Третий тип контракта предполагал разделение между автором и издателем чистой прибыли, которая рассчитывалась путем вычета из доходов от продаж всех расходов и рисков, связанных с производством. Архивные данные свидетельствуют, что перед соблазном завысить расходы не устояли многие издатели: так, подсчитывая расходы на публикацию “Эммы”, Мюррей не только увеличил стоимость бумаги на добрые 60 процентов, но и обманул Дж. Остин с объемом закупки (и это не считая издательских скидок от рыночной цены расходных материалов, которые считались их законной прибылью).
Наконец, если желающего издать рукопись не находилось, автор мог напечатать книгу “по комиссии” — за свой счет, при помощи меценатов или же собрав деньги по подписке. Тип договора, как правило, определял издатель. Он же принимал решения о формате, дизайне, тираже и цене издания, от которых зависели продажи и, в конечном счете, читательская аудитория книги. Основные ограничения лежали в области не технологии, а коммерции: главной задачей издателя было минимизировать риски и получить максимальную прибыль. Как правило, издатели стремились отложить оплату расходных материалов и авторских прав до поступления прибыли от продаж. Если издатель был финансово заинтересован в продаже книги, он активно занимался ее рекламой и распространением; если же он издавал книгу “по комиссии”, то ее дальнейшая судьба его не заботила, и основная часть тиража оставалась лежать на складах.
Простейшее правило расчета цены предполагало, что продажа половины экземпляров должна окупить затраты9. Если половина тиража распродавалась в течение года, а остаток расходился за пять лет, книга считалась коммерчески успешной.
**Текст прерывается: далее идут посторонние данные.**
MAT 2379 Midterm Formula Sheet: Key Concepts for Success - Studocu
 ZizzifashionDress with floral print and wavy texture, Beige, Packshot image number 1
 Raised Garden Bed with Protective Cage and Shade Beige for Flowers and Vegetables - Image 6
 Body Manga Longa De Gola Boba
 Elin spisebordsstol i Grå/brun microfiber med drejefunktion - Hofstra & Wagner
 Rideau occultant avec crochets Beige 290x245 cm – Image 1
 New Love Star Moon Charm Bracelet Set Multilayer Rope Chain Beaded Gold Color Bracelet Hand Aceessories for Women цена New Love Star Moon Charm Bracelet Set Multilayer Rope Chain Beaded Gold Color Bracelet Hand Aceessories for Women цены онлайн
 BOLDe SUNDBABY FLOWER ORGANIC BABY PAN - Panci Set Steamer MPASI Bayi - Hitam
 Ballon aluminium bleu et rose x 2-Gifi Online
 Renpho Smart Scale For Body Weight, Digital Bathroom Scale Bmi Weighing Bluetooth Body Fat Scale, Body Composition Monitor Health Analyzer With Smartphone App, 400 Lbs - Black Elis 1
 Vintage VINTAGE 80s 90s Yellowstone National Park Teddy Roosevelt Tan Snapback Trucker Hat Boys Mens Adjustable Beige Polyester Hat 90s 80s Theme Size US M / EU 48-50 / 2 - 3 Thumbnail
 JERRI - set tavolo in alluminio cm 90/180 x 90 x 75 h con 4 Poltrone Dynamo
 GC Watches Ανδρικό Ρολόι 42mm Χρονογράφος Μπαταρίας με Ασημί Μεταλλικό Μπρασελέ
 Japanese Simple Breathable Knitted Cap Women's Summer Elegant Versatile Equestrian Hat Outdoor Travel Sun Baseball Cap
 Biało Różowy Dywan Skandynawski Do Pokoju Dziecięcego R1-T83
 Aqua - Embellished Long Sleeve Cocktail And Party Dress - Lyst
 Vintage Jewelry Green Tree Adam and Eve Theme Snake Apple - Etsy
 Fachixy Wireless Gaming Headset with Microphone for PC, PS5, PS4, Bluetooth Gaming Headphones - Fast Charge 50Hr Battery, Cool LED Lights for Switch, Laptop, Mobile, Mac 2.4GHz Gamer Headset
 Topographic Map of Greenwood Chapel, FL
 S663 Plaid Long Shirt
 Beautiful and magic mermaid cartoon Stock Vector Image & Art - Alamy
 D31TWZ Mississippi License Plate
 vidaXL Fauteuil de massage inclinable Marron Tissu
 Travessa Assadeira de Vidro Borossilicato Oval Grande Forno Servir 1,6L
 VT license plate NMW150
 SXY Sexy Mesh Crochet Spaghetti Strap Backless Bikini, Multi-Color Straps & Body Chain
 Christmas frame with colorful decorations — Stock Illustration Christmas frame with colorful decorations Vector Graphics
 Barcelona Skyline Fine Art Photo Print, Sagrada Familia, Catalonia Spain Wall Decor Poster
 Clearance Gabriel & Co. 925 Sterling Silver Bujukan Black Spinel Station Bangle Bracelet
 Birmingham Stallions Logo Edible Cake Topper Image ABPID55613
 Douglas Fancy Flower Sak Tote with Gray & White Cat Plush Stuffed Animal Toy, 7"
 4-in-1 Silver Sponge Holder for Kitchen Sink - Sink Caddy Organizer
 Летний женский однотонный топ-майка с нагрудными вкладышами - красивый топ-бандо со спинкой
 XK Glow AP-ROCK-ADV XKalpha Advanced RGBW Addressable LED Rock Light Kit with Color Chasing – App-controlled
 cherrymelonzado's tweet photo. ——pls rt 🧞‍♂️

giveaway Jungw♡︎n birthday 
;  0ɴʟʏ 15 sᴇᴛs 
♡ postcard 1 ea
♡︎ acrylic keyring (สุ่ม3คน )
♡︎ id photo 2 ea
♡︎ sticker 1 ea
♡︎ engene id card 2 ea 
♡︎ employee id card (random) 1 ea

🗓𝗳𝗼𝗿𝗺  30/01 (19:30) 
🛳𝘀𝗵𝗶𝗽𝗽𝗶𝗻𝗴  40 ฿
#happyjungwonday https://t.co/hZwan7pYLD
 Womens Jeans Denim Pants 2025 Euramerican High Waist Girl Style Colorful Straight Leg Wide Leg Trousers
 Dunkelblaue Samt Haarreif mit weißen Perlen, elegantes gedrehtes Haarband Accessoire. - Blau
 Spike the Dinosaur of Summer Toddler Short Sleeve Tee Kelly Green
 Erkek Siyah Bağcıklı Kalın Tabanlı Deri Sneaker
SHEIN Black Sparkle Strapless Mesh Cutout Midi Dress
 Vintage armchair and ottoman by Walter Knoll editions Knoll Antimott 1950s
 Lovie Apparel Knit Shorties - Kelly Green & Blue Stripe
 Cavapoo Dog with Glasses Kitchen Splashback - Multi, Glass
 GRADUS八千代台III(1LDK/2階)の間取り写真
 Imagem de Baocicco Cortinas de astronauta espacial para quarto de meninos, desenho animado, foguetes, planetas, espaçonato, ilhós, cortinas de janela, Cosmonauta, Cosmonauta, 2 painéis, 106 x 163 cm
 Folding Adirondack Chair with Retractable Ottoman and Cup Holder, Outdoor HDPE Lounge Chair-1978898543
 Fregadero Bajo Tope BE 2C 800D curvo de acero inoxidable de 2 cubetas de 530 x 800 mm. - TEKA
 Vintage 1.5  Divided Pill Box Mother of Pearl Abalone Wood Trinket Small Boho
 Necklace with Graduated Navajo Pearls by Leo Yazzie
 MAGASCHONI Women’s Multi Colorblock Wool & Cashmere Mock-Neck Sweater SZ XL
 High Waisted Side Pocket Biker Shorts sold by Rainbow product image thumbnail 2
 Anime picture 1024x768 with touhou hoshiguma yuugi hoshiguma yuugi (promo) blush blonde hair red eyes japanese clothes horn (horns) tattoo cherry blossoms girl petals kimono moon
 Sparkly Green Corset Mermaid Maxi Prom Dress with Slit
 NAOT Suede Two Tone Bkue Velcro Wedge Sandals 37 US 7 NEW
Чем больше был тираж, тем меньше себестоимость отдельного экземпляра и тем больше чистая прибыль от успешных продаж, однако тем больше и риск в случае неудачи. Если автор пользовался определенной репутацией, себестоимость понижалась за счет расходов на рекламу, но повышался авторский гонорар. Издатели, как правило, прекрасно чувствовали конъюнктуру рынка и редко оставались в убытке, но общество и налоговую службу они активно убеждали в том, что книжная индустрия представляет собой низкоприбыльный бизнес.
В эпоху романтизма издательское дело не требовало ни первоначального капитала, ни больших вложений: немало знаменитых издателей того времени начинали с нуля. Многие из них продолжали называть себя книгопродавцами, хотя вели исключительно оптовую торговлю, продавая книги другим издателям или в книжные лавки. С другой стороны, мобильность внутри индустрии была довольно высока: печатники становились издателями, те брались за газеты или журналы, а розничные торговцы давали книги напрокат. Наиболее традиционным было сочетание типографского и издательского дела. Первым издателем в современном смысле слова, полностью отказавшимся от производства и продаж, был уже не раз упомянутый Джон Мюррей. Предшественником современных медиамагнатов может считаться В. Скотт: главный владелец издательства Джона Баллантайна, где печатались романы “автора “Уэверли”” (псевдоним В. Скотта), полностью контролировал все стадии литературного производства: не только выбор сюжета и создание текста, но и его редактуру, печать, рецензии в местных газетах, переделки для сцены и даже постановку в Эдинбургском театре, который также принадлежал ему.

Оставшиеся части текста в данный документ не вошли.